You might have heard of BatchNorm, where the inputs of a layer are normalized across the batch: the mean and standard deviation of the inputs are computed accross the batch dimension, then the inputs are normalized by substracting the mean and dividing by the standard deviation. 

The *LayerNorm* normalization technique is similar, only the normalization happens accross the feature dimension rather than the batch dimension.

Once the feature mean $\mu$ and standard deviation $\sigma$ are computed, the inputs are normalized as follows:
$$\hat{x}_i = \frac{x_i - \mu}{\sqrt{\sigma^2 + \epsilon}},$$
where $\epsilon$ is a small constant typically taken to be equal to $10^{-5}$ to avoid division by numbers close to zero.

The output of the `LayerNorm` is not $\hat{x}_i$ though, but
$$y_i = \gamma \hat{x}_i + \beta$$
where $\gamma$ (scale parameter) and $\beta$ (shift parameter) are learnable parameters.

**Exercise.** Complete the `LayerNorm` class below by computing the feature mean and variance and performing the appropriate normalization.

In [None]:
class LayerNorm(nn.Module):
    def __init__(self, emb_dim):
        super().__init__()
        self.eps = 1e-5 # small value to avoid division by zero(
        self.scale = nn.Parameter(torch.ones(emb_dim)) # scale parameter (learnable)
        self.shift = nn.Parameter(torch.zeros(emb_dim)) # shift parameter (learnable)

    def forward(self, x):
        mean = ... # TODO: compute the mean of the input tensor over the last dimension
        var = ... # TODO: compute the variance of the input tensor over the last dimension
        norm_x = ... # TODO: normalize the input tensor
        y = ... # TODO: apply the learned scale and shift parameters
        return y

In [None]:
# %load solutions/training/layernorm.py

### 2.3. GELU
The *GELU* or Gaussian Error Linear Unit is an activation function defined as
$$\text{GELU}(x) = x\Phi(x)$$
where $\Phi(x)$ is the CDF of the standard normal distribution.
In order to avoid computationally expensive calculations, the GELU is often approximated using
$$\text{GELU}(x)\simeq 0.5 x \Bigg(
    1 + \text{tanh}\bigg(
        \sqrt{\frac{2}{\pi}}\big(x + 0.044715 x^3\big)
    \bigg)
    \Bigg).$$
We will use this approximation in our definition.

**Exercise.** Code the GELU activation function using the above approximation.
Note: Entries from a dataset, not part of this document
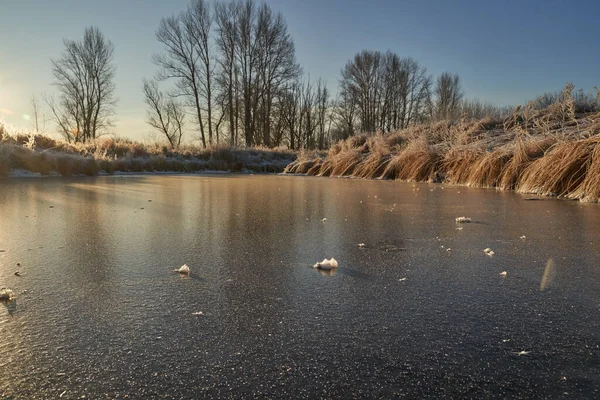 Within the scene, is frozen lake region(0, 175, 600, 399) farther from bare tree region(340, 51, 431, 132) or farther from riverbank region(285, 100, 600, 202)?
bare tree region(340, 51, 431, 132)

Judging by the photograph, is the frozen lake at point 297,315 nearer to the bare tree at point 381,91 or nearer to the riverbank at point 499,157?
the riverbank at point 499,157

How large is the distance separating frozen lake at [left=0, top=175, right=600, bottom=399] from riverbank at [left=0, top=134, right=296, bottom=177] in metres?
7.67

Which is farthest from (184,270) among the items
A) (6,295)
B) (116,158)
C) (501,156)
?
(116,158)

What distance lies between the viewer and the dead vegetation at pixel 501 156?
4.62m

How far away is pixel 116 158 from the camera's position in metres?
12.5

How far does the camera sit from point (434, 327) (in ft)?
Answer: 3.28

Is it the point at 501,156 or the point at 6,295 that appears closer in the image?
the point at 6,295

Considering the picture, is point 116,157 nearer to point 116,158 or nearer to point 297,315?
point 116,158

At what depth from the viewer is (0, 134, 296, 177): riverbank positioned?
866cm

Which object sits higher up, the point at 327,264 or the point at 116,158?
the point at 116,158

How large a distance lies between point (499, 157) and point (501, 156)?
0.05m

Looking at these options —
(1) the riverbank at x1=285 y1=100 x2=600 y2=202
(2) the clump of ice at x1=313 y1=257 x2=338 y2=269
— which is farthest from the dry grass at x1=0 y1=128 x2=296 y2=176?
(2) the clump of ice at x1=313 y1=257 x2=338 y2=269

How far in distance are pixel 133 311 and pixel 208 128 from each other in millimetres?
21407

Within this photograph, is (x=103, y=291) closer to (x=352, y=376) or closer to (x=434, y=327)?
(x=352, y=376) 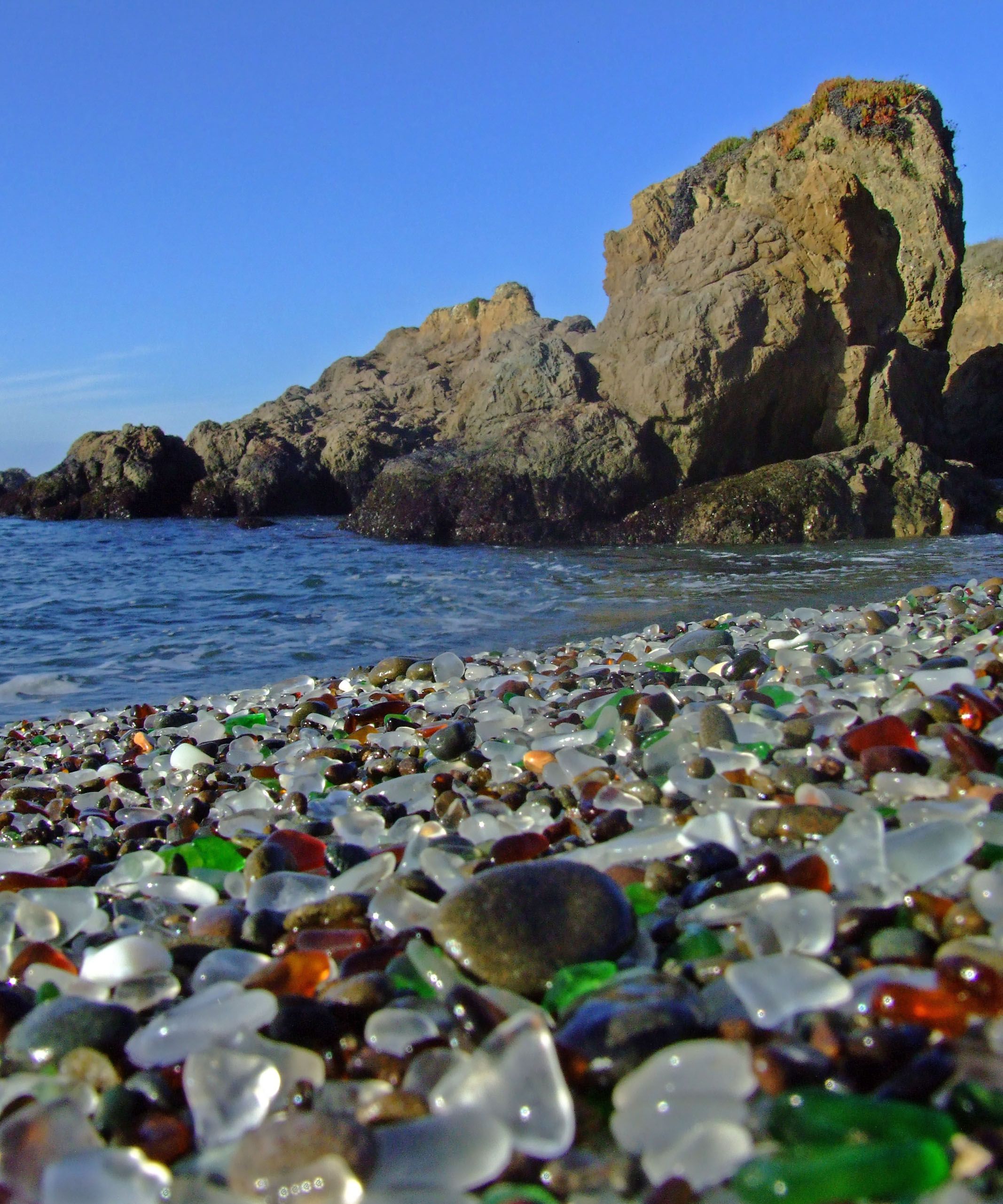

Use the `torch` implementation of *tanh*, square root, $\pi$ and the *power* function.

In [None]:
class GELU(nn.Module):
    def __init__(self):
        super().__init__()

    def forward(self, x):
        gelu = ... # TODO: implement the GELU activation function
        return gelu

In [None]:
# %load solutions/training/gelu.py

### 2.4. The Feed Forward blocks
The *feed forward* layers in our *transformer blocks* will consist of:
1. A linear layer
2. A GELU activation
3. A linear layer

The feed forward layer has the same input and output dimensions, and the hidden dimension is equal to 4 times the input dimension.

**Exercise.** Complete the `FeedForward` class by filling in the `TODO` flags.

In [None]:
class FeedForward(nn.Module):
    def __init__(self, input_dim):
        super().__init__()
        # TODO: add the two linear layers with the intermediate GELU activation function to the following sequential model
        self.layers = nn.Sequential(
            ... # TODO: add the layers
        )

    def forward(self, x):
        return self.layers(x)

In [None]:
# %load solutions/training/feedforward.py

### 2.5. The Transformer block
The next step is to define our *Transformer Block*, which is composed of:
1. A *LayerNorm* normalization
2. A *Multi-head attention* layer
3. A *Dropout* layer
4. A *LayerNorm* normalization
5. A *Feed Forward* layer
6. A *Dropout* layer

Moreover, two skip-connections are present in the *Transformer Block*:
- *(A)* A skip connection that adds the original input to the output of the operation *3* above.
- *(B)* A skip connection that adds the output of *(A)* to the output of the operation *6* above.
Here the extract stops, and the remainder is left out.